Terrorist attacks are not completely imaginary -- whether the Bush League was complicit in 9/11 or not, it definitely happened -- but most plots that we hear about are in large part made up by our government, from the Tang Bombers to the plot to blow up the Sears Tower. So, I was a little non-plussed by the "Overheard in New York" casual reference to "[T]he recent spate of terrorist attacks [after which] the TSA decided to stop allowing liquids past the security gate."
I don't think the Department of Homeland Security releases information on non-imaginary attacks -- actual terrorist activity like the suburban DC sniper, the Oklahoma City bombing or the Unabomber don't lead one to want to occupy oil-rich countries -- so we're left with Wikipedia. So far this year, Wikipedia's classified two incidents (in Kirkwood and DeKalb) as terrorist attacks, both lone American gunmen (only one an Army basic training dropout on psychopharmaceuticals) carrying no known hot liquids. If you extend the time frame to a full year ago, you only add what Wikipedia calls 'fake grenades' that really exploded at the Mexican Consulate in New York City.

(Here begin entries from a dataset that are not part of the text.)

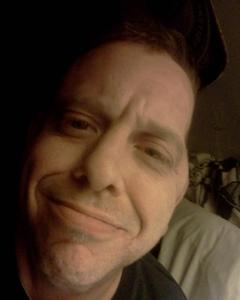 Man, 47. Bignate3280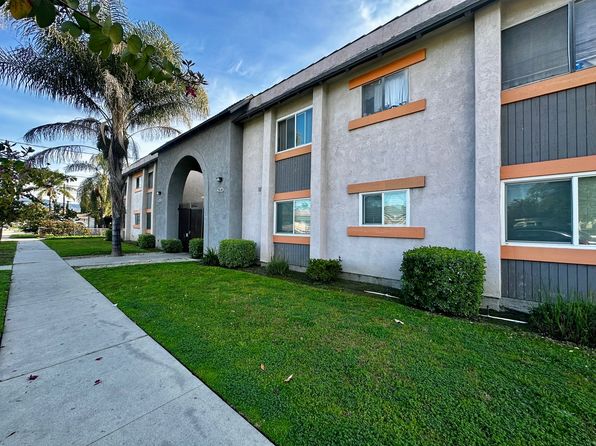 3914 Penn Mar Ave #14G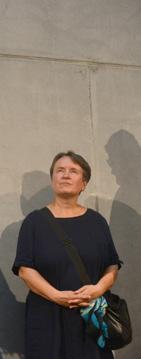 června 2019 laureáty ocenění Pocta ČKA za roky 2017 a 2018. Oceněním vzdává Komora od roku 2000 hold význačným osobnostem z oblasti architektury.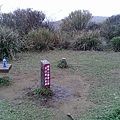 201103211118.jpg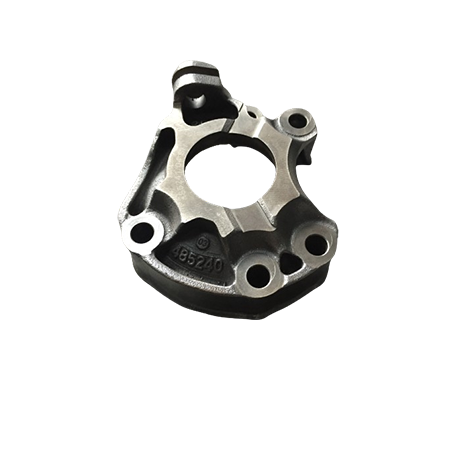 automobile spare part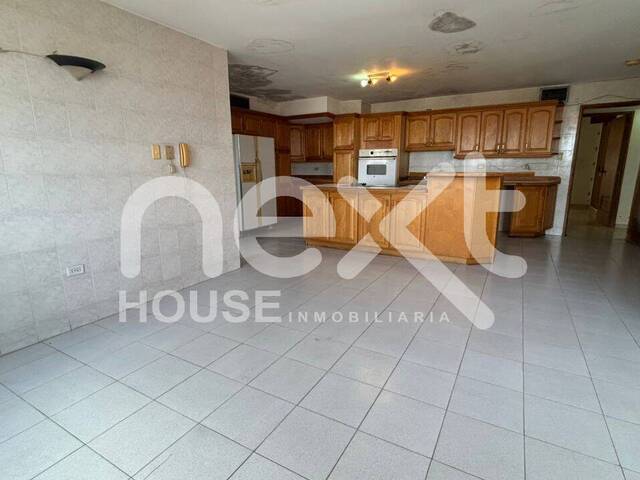 APARTAMENTO para Venta en Maracaibo - 4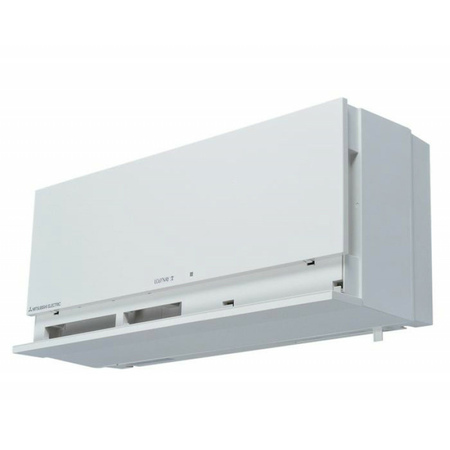 Рекуператор Mitsubishi Electric VL-100 EU5-E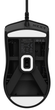 Mysz NZXT LIFT 2 Symm USB Black (5056547203768) - obraz 2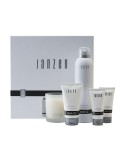 JANZEN Gift Set M Black 22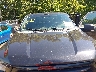 1FTFX1EF1FK****** Repairable 2015 Ford F-150 in Metro DC
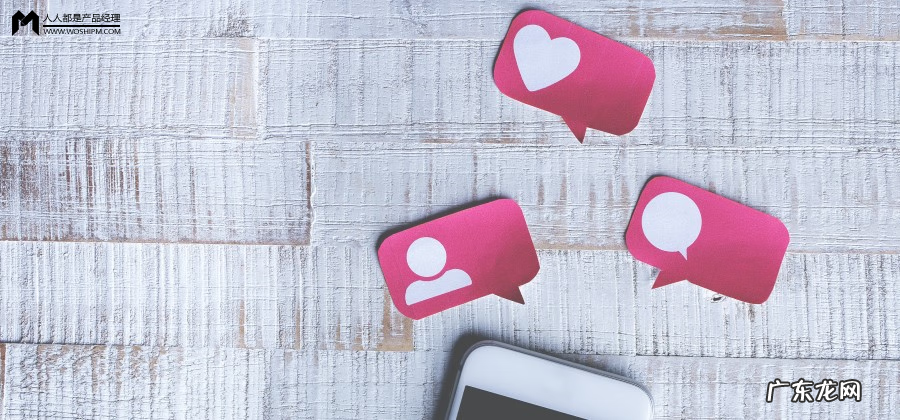 账户是什么意思 帐户 账户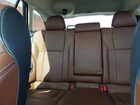 2022 Subaru Outback Touring Blue vin: 4S4BTGPD4N3155959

I know the "Overheard in New York" quotes can be kind of old, but the only spate I can remember is when people were seeing Anthrax in every packet of white powder. I want to point out that weaponized Anthrax presents the same danger now it did then. Do you know where your Cipro is? Where's the eternal vigilance, people? It's the price of liberty*! Incidentally, Senator Patrick Leahy at least now seems to think the Anthrax used in the letters to him and Senator Daschle came from our own government.
So... what's up with this spate reference?
* -- looking this up, I found on Bartleby an intellectual predecessor quote from Demosthenes, which is a pretty cool feature. I thought I'd share:
There is one safeguard known generally to the wise, which is an advantage and security to all, but especially to democracies as against despots. What is it? Distrust.